Lead designer Erich Meyr elaborated on just how narratively complex the game could be.
“You have up to four guns and every single one of them had a different line,” he told Sky News.
“So we had to control how wide we could go with it to make sure we could even do it.”
Given just how much work goes into game development, the idea of artificial intelligence doing some heavy lifting is becoming mightily appealing.
Is AI the future of game development?
As advances in AI continue, developers are using it more frequently in production – including High On Life.
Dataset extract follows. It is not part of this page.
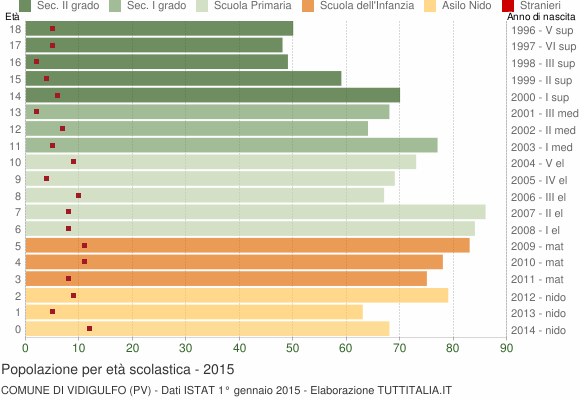 Grafico Popolazione in età scolastica - Vidigulfo 2015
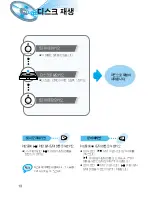 Предварительный просмотр 14 страницы Samsung HT-D100 (Korean) User Manual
While most of the art was hand drawn, Roiland told Sky News the powerful Midjourney AI, which can paint original pictures based entirely on the user’s written prompts, was used to add some finishing touches to his alien worlds.
“It makes the world feel like a strange alternate universe of our world,” he said.
“And we used it to come up with weird, funny ideas.”
“I don’t know what the future holds, but AI is going to be a tool that has the potential to make content creation incredibly accessible,” Roiland added.
“I don’t know how many years away we are, but all you will need to be is somebody with some big ideas.”
Meyr revealed that AI was also used to prototype some character voices, and one minor role made the cut.
The game otherwise features a full cast, including Roiland himself, Curb Your Enthusiasm star JB Smoove, and SpongeBob SquarePants actor Tom Kenny.
While game development is plenty different from TV production, there is an obvious similarity in the madcap sci-fi aesthetic and tone of High On Life and Rick And Morty.
Roiland, who won an Emmy Award in 2018 for his Pickle Rick episode of Rick And Morty, said he had spent his childhood “obsessed with aliens and Area 51 and abductions”.
“It affords you the ability to tell so many different types of stories,” he told Sky News, “which you potentially wouldn’t otherwise be able to tell.
“Even some newer ideas I have, they’re all sci-fi related.”
Among those ideas are some UK projects, though Roiland was tight-lipped on the details.
In the meantime, High On Life is available now on Xbox Game Pass, or for individual purchase on Xbox Series X and S, and PC.